FIELD OF THE INVENTION
[0002] The present invention relates generally to time measurement
systems and more particularly to relative time measurement
systems.
BACKGROUND OF THE INVENTION
[0003] Conventional technology pertaining to certain embodiments of
the present invention is described in the following publications
inter alia:
[0004] U.S. Pat. No. 5,274,545 to Allan describes a device and
method for providing accurate time and/or frequency. A unit, such
as an oscillator and/or clock provides output indicative of
frequency and/or time. The device includes a processing section
having a microprocessor that develops a model characterizing the
performance of the device, including establishing predicted
accuracy variations, and the model is then used to correct the unit
output. An external reference is used to provide a reference input
for updating the model, including updating of predicted variations
of the unit, by comparison of the reference input with the unit
output. The ability of the model to accurately predict the
performance of the unit improves as additional updates are carried
out, and this allows the interval between the updates to be
lengthened and/or the overall accuracy of the device to be
improved. The accuracy of the output is thus adaptively optimized
in the presence of systematic and random variations.

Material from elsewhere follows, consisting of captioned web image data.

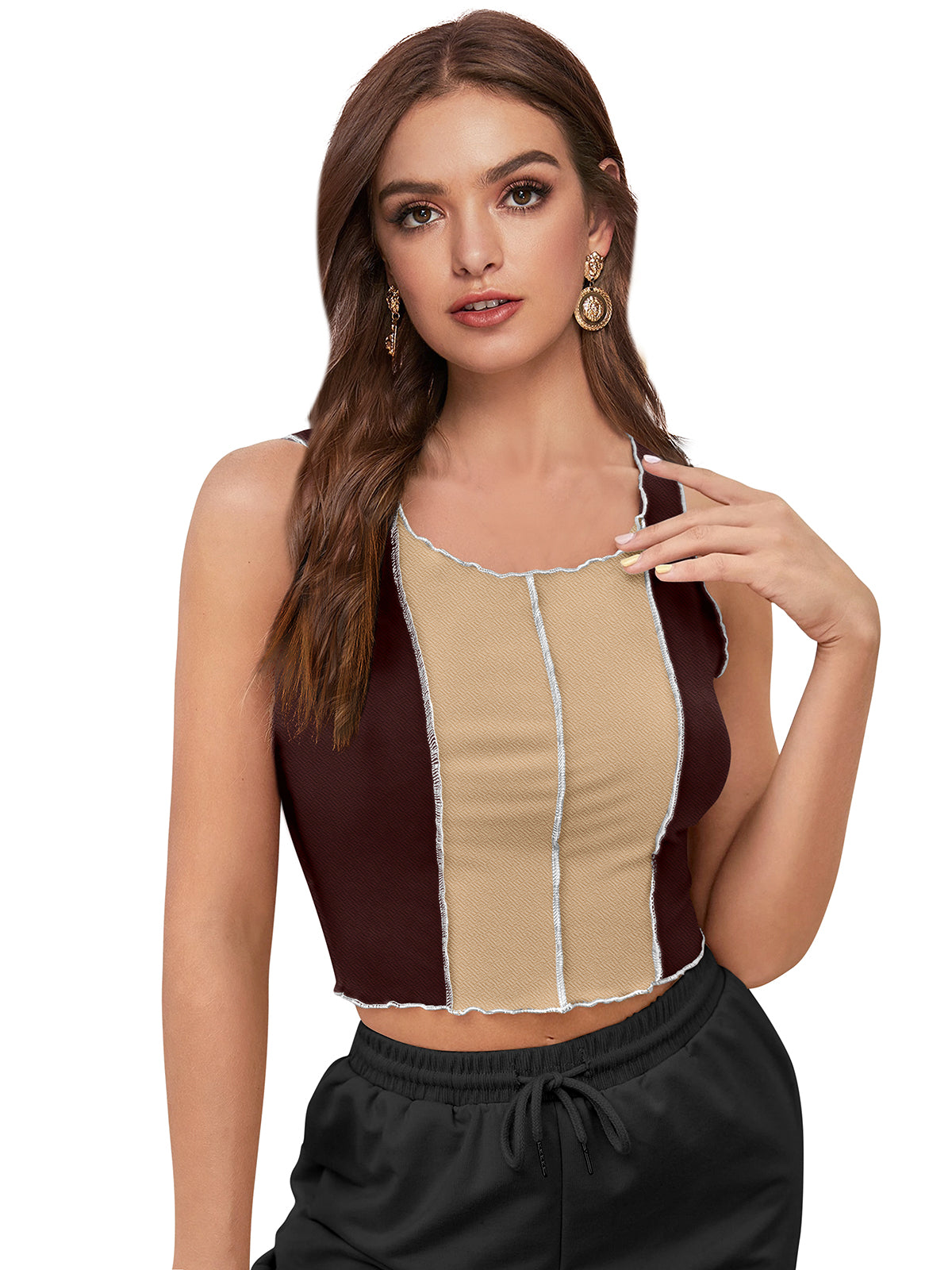 Trendy sleeveless crop for bold women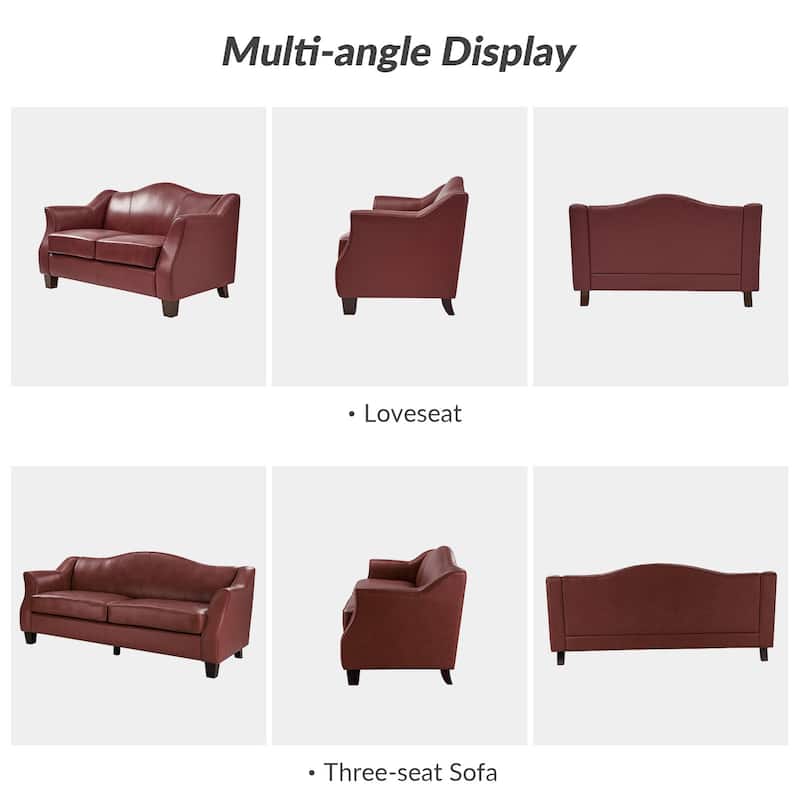 Franco Traditional Genuine Leather Sofa Set of 2 by HULALA HOME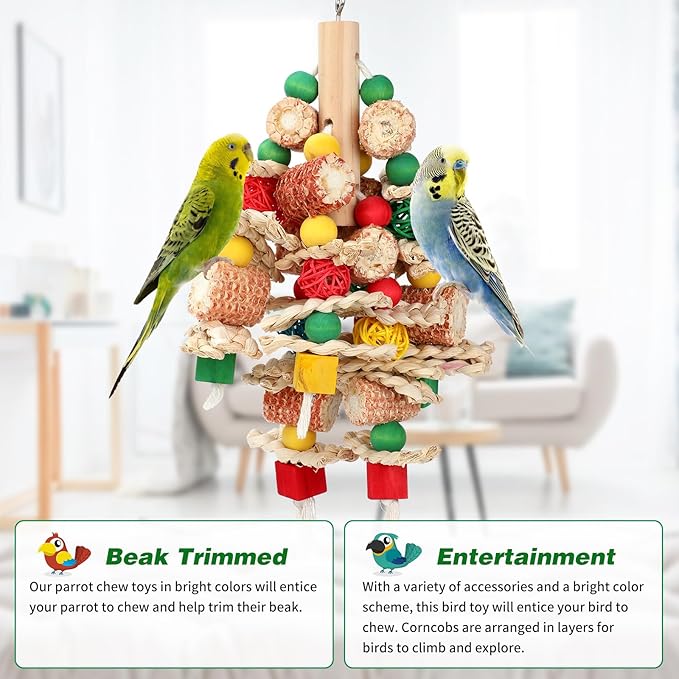 Rypet Wood Bird Chewing Toys for Cage Wall, Wooden Bird Cage Toy for Helping to Trim Beak, Birds Toys Parrot Toy for African Grey Parrots Cockatoos Amazon Parrot and Other Small to Medium Parrots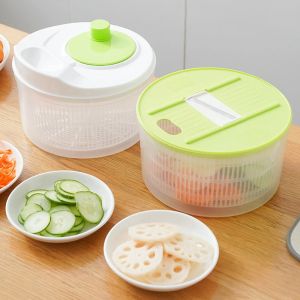 Quivlox Kitchen Salad Lettuce Spinner Vegetable Washer Dryer Cucumber Potato Cutter Vegetable Dehydrator Fruit Drain Basket Kitchen Tool
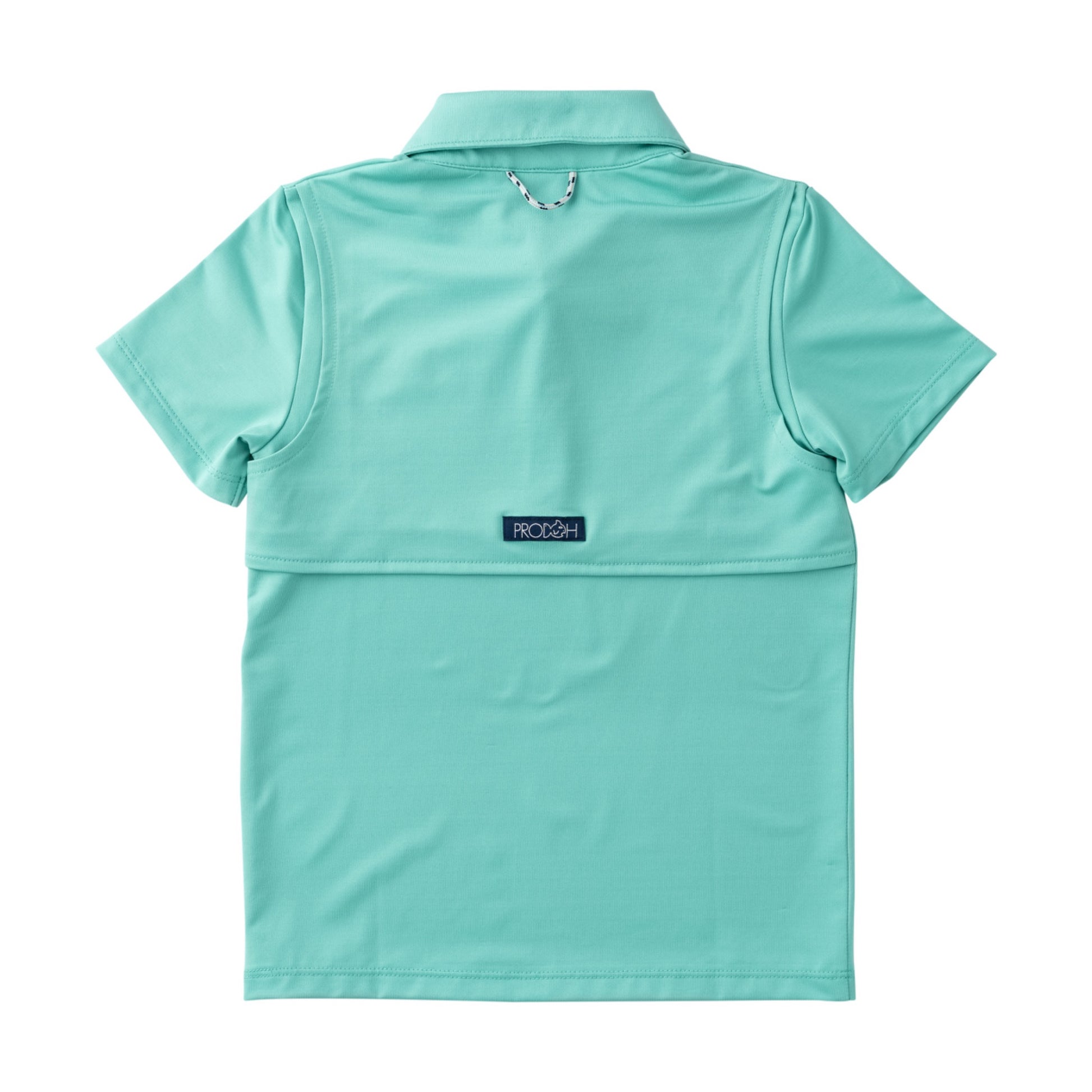 boys light green polo shirt with a brand prodoh small logo on the back
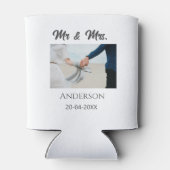 家族の名前を追加する日付結婚式の引き出物g 缶クーラー (裏面)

[0005] U.S. Pat. No. 7,142,154 to Quilter describes a method and
apparatus for providing accurately synchronized timing signals at
mutually distant locations, employing a GPS or similar receiver at
each location. These receivers are interconnected by a
communications network, and exchange data over the network to agree
with a common timing reference.
[0006] The disclosures of all publications and patent documents
mentioned in the specification, and of the publications and patent
documents cited therein directly or indirectly, are hereby
incorporated by reference.
SUMMARY OF THE INVENTION
[0007] The performance of many civilian and military systems
depends on time synchronization capability and accuracy. In such
systems (e.g., communication, vision and location finding) it is
common to use an atomic clock with GNSS aiding. Since an atomic
clock is basically a frequency source with a finite accuracy and
the GNSS absolute time precision is in the order of tens of
nanoseconds, the ultimate time synchronization accuracy may reach
about 20 nanoseconds (corresponding to 6-10 m GNSS accuracy).
However, sub-meter accuracy for location finding systems requires a
time difference measurement with an accuracy level of one
nanosecond or below.
[0008] Certain embodiments of the present invention seek to provide
a system having one nanosecond relative time measurement capability
for non-collocated units which is characterized by continuous and
instantaneous relative time measurement. Time offset between
non-collocated frequency sources at discrete points of time is
determined; and frequency drift between the frequency sources is
disciplined.
[0009] The term "collocated" is used in this context to
characterize frequency sources positioned such that the time delay
between them is either negligible relative to the accuracy demanded
by the application, or can be overcome e.g. by calibration.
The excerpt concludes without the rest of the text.